Oil prices settled lower for a second straight session on Wednesday as investors digested US President Donald Trump’s deal to import up to $2 billion worth of Venezuelan crude, a move that would lift supplies to the world’s largest oil consumer.

Brent crude futures lost 74 cents or 1.2 per cent to close at $59.96 a barrel, while the US West Texas Intermediate (WTI) crude fell by $1.14 or 2 per cent to $55.99 a barrel.

Venezuela will be “turning over” between 30 million and 50 million barrels of “sanctioned oil” to the US, President Trump wrote in a social media post on Tuesday.

Reuters said the deal between US and Venezuela initially could require the rerouting of cargoes that were bound for China.

Venezuela has millions of barrels of oil loaded on tankers and in storage tanks that it has been unable to ship since mid-December due to a blockade on exports imposed by President Trump.

The blockade was part of a US pressure campaign against Venezuelan President Nicolas Maduro’s government that culminated in American forces capturing him over the weekend.

The US also seized an empty Russian-flagged, Venezuela-linked oil tanker in the Atlantic Ocean on Wednesday.

The M/V Bella 1 vessel was seized for sanctions violations “pursuant to a warrant issued by a U.S. federal court” after being tracked by a US Coast Guard cutter.

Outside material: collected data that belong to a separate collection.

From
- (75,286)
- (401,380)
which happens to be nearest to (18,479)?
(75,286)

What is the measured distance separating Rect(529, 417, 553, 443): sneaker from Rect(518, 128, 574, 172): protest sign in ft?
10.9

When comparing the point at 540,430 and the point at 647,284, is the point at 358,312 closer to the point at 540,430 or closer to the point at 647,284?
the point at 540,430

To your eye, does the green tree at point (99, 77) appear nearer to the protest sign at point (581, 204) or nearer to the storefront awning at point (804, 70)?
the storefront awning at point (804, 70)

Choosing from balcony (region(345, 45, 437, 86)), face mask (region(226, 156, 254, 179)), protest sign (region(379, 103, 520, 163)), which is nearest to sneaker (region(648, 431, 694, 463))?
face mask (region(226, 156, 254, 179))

The operation concludes a weeks-long chase that began in late December when the tanker abruptly turned away from Venezuela and headed into the open Atlantic to evade a US quarantine.

Crude oil inventories in the US posted a sharp draw last week, even as gasoline (petrol) and distillate stockpiles recorded sizable builds, according to new data released Wednesday by the US Energy Information Administration (EIA).

The EIA reported that US crude stocks dropped by 3.8 million barrels to 419.1 million barrels in the week ended January 2.

US gasoline (petrol) stocks increased by 7.7 million barrels in the week, the EIA said, while distillate stockpiles, which include diesel and heating oil, climbed by 5.6 million barrels in the week versus expectations for a rise of 2.1 million barrels.

Morgan Stanley analysts estimated the oil market could reach a surplus of as many as 3 million barrels per day in the first half of 2026, based on weak growth in demand last year and rising supply.

The Organisation of the Petroleum Exporting Countries and allies (OPEC+) reiterated earlier this month to pause the planned unwinding of its voluntary cuts totaling 2.9 million barrels per day, keeping that volume off the market through the first half of the year.